Even by peering through the badly welded iron crisscross grids, it is still almost impossible to see anything in the shop windows. Usually there is nothing to see.
Shopkeepers are still removing the last fragments of broken glass, ripped curtains and trying to make the inside of the shops fit places for customers to enter. On one door I saw a huge rod of broken iron sticking out. It was flying a small dirty red and black rag that reminded me of a child's pirate flag.
On the outside of shops are handwritten signs saying "Sale" or "Final Sale". Many are permanently closing. Insurance companies have declined to pay.
But a number of cheap cafes are re-opening. We have to eat, eh!
Gold shops have a few cheap items in their once beautiful shop fronts. I checked three of them. Two were still closed. I saw a CD record shop. The reinforced glass windows had survived the attack, but the goods inside were gone.
Only paper and broken CD covers remained. And this is nearly five weeks after the day of destruction.
A few shops are opening and redecorating. I counted three shoe shops and five clothes shops in the same street. Outside one of them, a man was painting.
Inside, three men, all Indo-Fijians were trying to cobble together what was left of the shop counter. Ahmed, a worker told me that he couldn't understand how the counter got so badly damaged.
"Look" he said, "is strongly made. Mad fellas break this shop, eh"
Further along from where I talked with Ahmed is a new plaza. An attractive place with cafes and small shops. It was far enough away from the centre of the city to survive the fire and looting.
But once again the crowds are gathering. This time it is a peaceful affair. People sit around. Chairs are being provided.
There is a makeshift canopy to keep people cool during the long wait.

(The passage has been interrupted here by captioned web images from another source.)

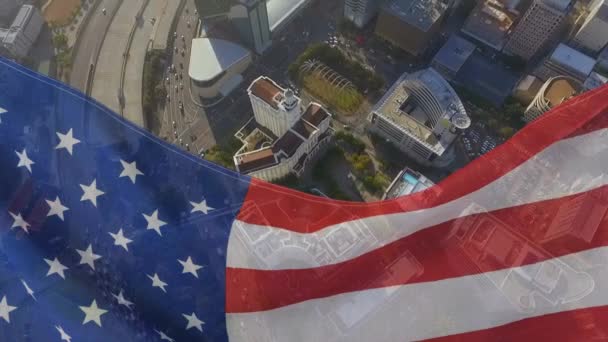 Bandeira Americana Animada Contra Vista Alto Ângulo Cidade Urbana — Vídeo de Stock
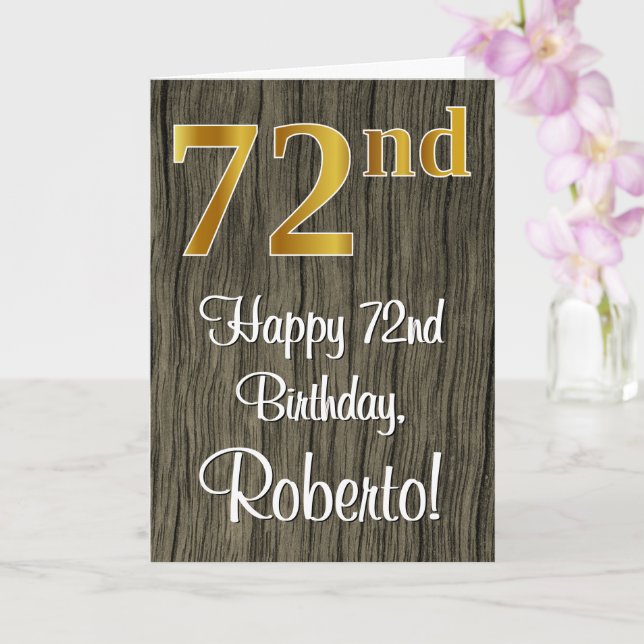72nd Birthday: Elegant Faux Gold Look #, Faux Wood Card (Orchid)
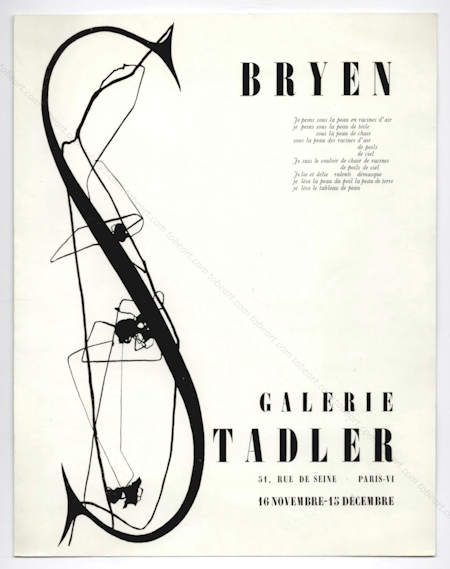 Camille BRYEN. Paris, Galerie Stadler, 1956.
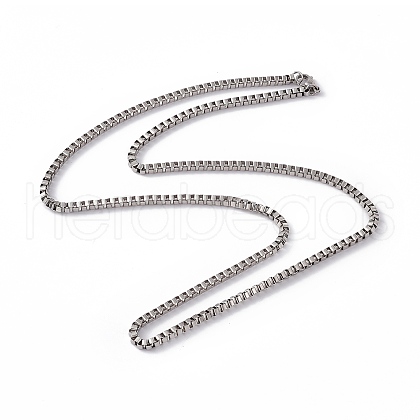 Non-Tarnish 201 Stainless Steel Box Chain Necklace for Men Women NJEW-P268-A41-1X5-1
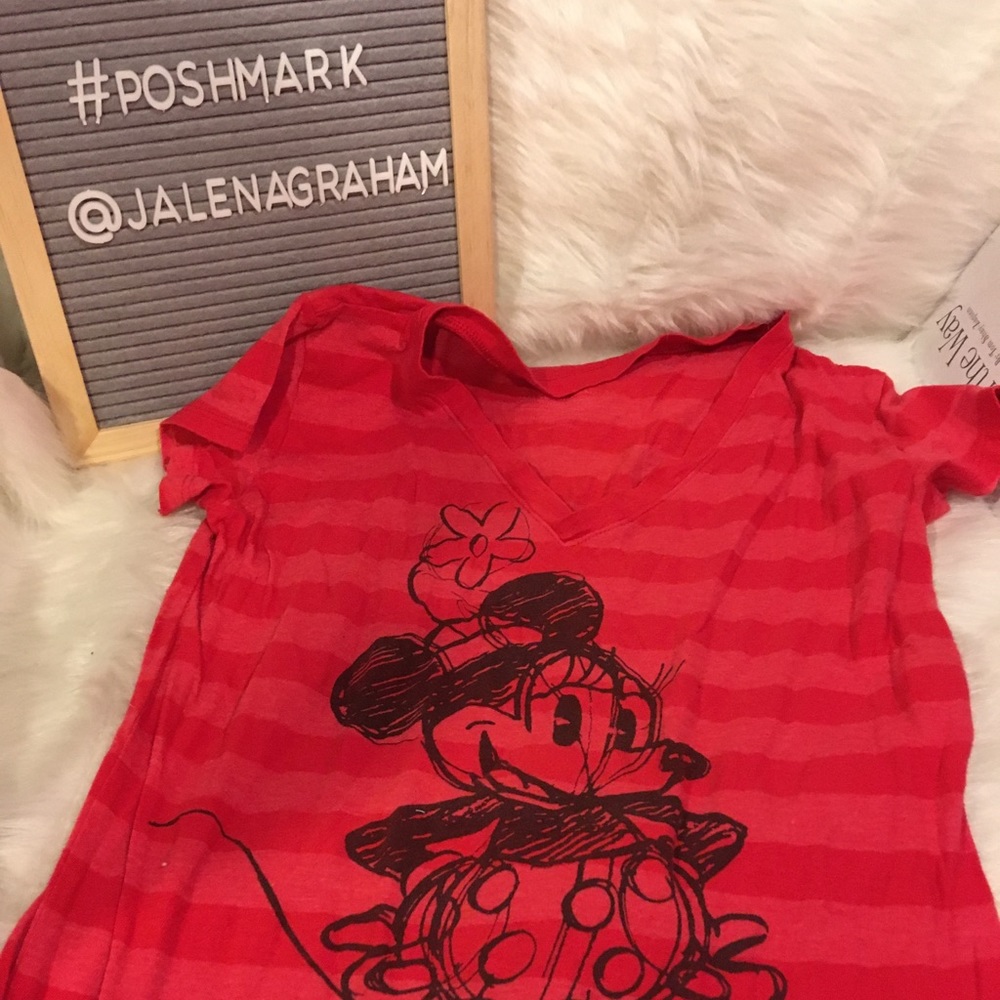 Disney Minnie Mouse sketchbook red striped shirt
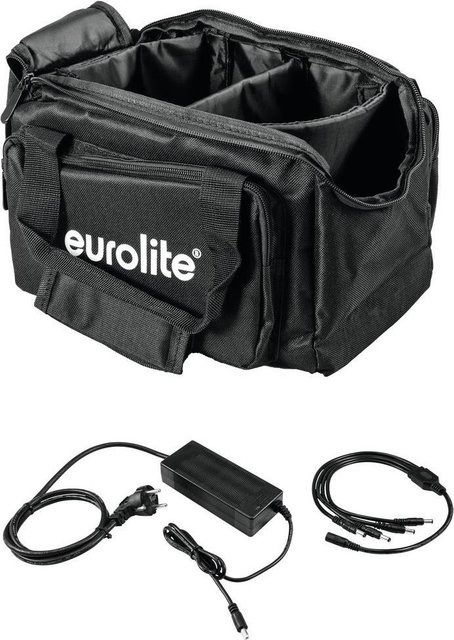 EUROLITE Set SB-14 Soft-Bag mit Ladegerät und 4x AKKU Flat Light 1 in Schwarz - Bild 1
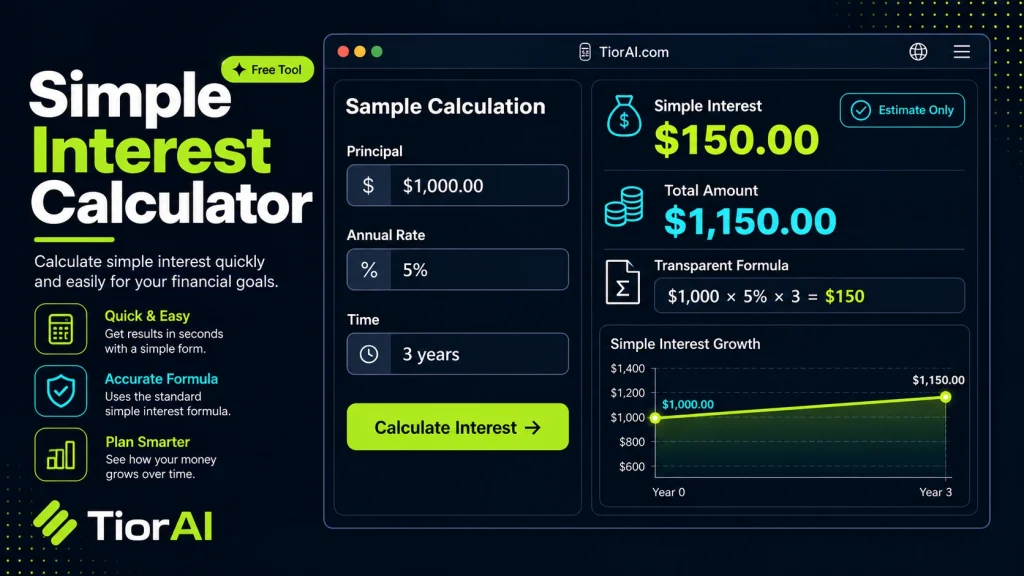 Simple Interest Calculator free online tool by TiorAI - interface preview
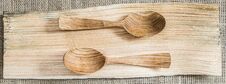 Wooden Spoons On A Wooden Texture Board. Top View. Stock Photo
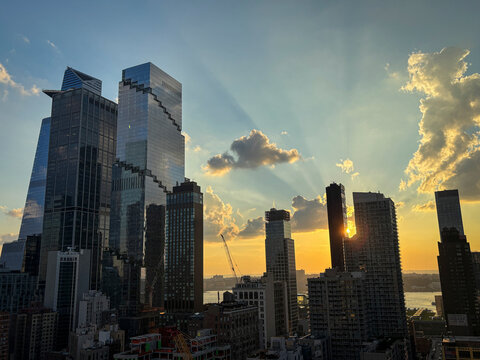 Towers of Hudson Yards catching the light of the setting sun in Manhattan, New York City, United States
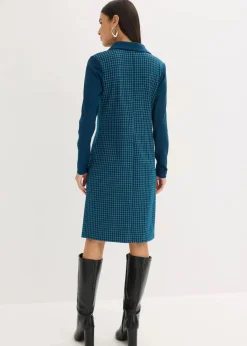 Damen bonprix Bekleidung·Pullover & Strickjacken|Kleider|Jacquard Kleid mit Kontrastkragen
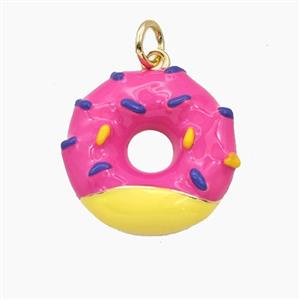 Copper Donut Pendant Pink Yellow Enamel Gold Plated, approx 18mm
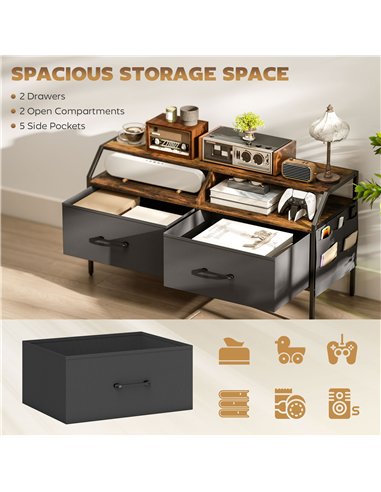 HOMCOM TV Stand Cabinet, TV Unit for 55-inch TVs with 2 Foldable Fabric Drawers, 5 Divided Side Pockets, Open Shelves, Console T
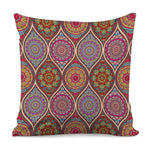 Oval Bohemian Mandala Patchwork Print Pillow Cover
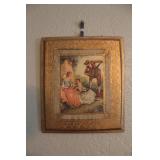 Vintage Print on Wood 5 1/2 x 6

Officers hand out forms and there is much muttering and discussion.
Inside is the home of the Fiji National Provident Fund (FNPF) the government insurance scheme for old age. This fund is now the only reservoir of money for many people who lost their jobs.
There is no unemployment benefit here. And although Fiji has a group of fanatics in the Parliament grounds, an army in the streets toting guns and no government, it appears that someone had enough wisdom, caring and political clout to decide that people need money to live.
And they need it now. There have been queues now for over a week at the FNPF. And tomorrow you can be sure there will be a new crowd.
I bought the morning newspaper on the way to work and began reading a report by Mithleshni Gurdayal, one of our former journalism students and now working for Fiji's Daily Post.
Her curious and alert mind prompted her to check up on how many Indo-Fijian students were actually going to school in and around Suva. Her findings were sad.
One primary school had an attendance of 81 out of a roll of 750. Another school opened it doors and 14 of a roll of 343 arrived for classes. Out of eight schools that were surveyed, none had more than a fifty percent student turn out.
Teachers were saying that parents feared for the safety of their children. It seemed well founded. On another part of the same page Mithleshni was reporting about the pupils of Suva Grammar School being sent home because there had been a threat to burn down the building if the school was not closed.
There will be a tomorrow, another tomorrow and many more tomorrow's in Suva, but at what cost? Already this city seems to be acquiring dirt and dinginess. Education is becoming a casualty.
Factories are closing. There are more beggars on the streets and the police aren't around to move them on. Or they don't care to do so. Old age will, surely be a little harder to bear once the FNPF money is gone.
Just before I closed the newspaper I saw alongside the school articles that the Fiji SAS veteran Ilisoni Ligairi was saying that he and his men in the Parliament grounds would rather die than surrender the cause for which they stand.
It just reinforces the view that Suva is becoming a dirty city both physically and morally.